← Back to context

Comment by gpderetta

8 hours ago

> [pointer stability] you're stupidly allowed to rely on them

that's a bit unfair. Those are properties that can be very useful if you need them.

Indeed. One of the main reasons STL defaults to a non-moving hash table is because "deleting in the middle of an iteration" was viewed as an important property. Like it or not (I do not), the entire container part of the original 1990s Stepanov STL was oriented around "iteration/iterators" as the high priority abstraction.

Trying to think like a DB engineer is probably helpful here. Point or range query workloads absolutely afford different optimization/specializations than full table scan iterations.

Any mistake here is more in thinking "one size fits all workloads". That may as much be a mistake of user communities as of language designers. (E.g. 'expert' advice like "just always use X" instead of "well, it depends...".) So, the charitable reading of tialaramex's "most people" is a weakly articulated assertion about workloads (though I absolutely agree with your specific point).

  • I'm not at all convinced I need to be read "charitably". I think it's just straightforwardly true that most people writing C++ with a std::unordered_map do not use this property of std::unordered_map.

    In particular the "deleting arbitrary other entries while walking the unordered map" is a weird thing to be doing. It's not necessarily wrong but it's weird to need precisely this (which it so happens the std::unordered_map can do) but not e.g. inserting arbitrary stuff into the map (which might grow and thus invalidate your iterator)

    Note that "Delete yourself if you want" is an operation we can afford in the otherwise more optimal containers, so if that is the only deletion you want then you again over-paid by choosing this weird container type with pointer stability.

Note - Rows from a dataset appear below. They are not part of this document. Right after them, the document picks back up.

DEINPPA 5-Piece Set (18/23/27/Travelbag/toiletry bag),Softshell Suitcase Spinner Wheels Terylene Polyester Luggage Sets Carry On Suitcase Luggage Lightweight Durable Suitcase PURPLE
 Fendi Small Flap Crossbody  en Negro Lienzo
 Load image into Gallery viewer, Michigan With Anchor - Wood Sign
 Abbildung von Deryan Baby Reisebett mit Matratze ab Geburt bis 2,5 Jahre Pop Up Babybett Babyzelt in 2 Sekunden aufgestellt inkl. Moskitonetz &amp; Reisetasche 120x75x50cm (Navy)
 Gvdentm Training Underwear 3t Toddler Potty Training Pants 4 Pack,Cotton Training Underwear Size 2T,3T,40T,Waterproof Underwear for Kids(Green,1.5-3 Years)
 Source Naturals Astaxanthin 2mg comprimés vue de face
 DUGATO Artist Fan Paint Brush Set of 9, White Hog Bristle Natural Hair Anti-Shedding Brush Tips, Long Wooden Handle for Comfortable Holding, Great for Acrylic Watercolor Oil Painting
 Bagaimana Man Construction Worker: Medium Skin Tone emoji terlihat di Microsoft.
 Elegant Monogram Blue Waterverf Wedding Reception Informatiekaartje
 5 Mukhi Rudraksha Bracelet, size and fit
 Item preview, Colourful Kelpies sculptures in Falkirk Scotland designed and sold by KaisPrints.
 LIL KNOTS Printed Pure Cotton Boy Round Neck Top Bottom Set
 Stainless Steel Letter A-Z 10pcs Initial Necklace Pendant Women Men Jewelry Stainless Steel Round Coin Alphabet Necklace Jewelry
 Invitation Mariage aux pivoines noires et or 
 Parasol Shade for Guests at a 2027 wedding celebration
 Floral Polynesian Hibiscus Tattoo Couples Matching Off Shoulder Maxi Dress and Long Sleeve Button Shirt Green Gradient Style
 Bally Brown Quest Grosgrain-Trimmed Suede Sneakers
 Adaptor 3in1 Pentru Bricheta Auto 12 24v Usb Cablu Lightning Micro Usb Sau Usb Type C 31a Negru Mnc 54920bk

    I do not believe that Stepanov chose this particular hash table because this one had properties he specifically wanted, maybe you have a reference which can prove me wrong? I think this was the type he was most familiar with, and the STL is illustrating generic programming - an important idea - not showing off the most optimal data structures and algorithms.

    • I tried to defend you against a hard to support "most people didn't want this" with a workload (either static or dynamic) assertion. You come back saying you don't need such charitability while simultaneously clarifying in terms of a static workload! Seemingly, "most written C++" (again charitably moving from "people writing" to "written code" because the latter is probably more relevant and surely more auditable/studyable - "source code files easier than people").

      I think you should be more careful about claiming you know what people want or know. Many people I know don't seem to know what they want.. it's some melange of desiderata with various eternal tensions. As just one example, I would doubt most people even want performance above all else. I really doubt most people understand well how their various static and dynamic workloads relate to their performance. I doubt I'm alone in having known many C++ programmers who, from spoken conversation, revealed they thought STL map was a hash table, for example.

      I only said "one of the main" and almost added "with pointer stability being the bigger", but it had already been observed by rurban. Delete-while-iterating has close ties with cell motion (though convoluted workarounds may exist, they may well cost more than you personally would like, it sounds). How to best explain all these things is always questionable, but I was trying to supplement. It's generally not easy without visual aids and definitely not if people are being combative. Python has ever & always since the late 80s used open addressing but only more recently tried to `raise` on dict edits during iterations.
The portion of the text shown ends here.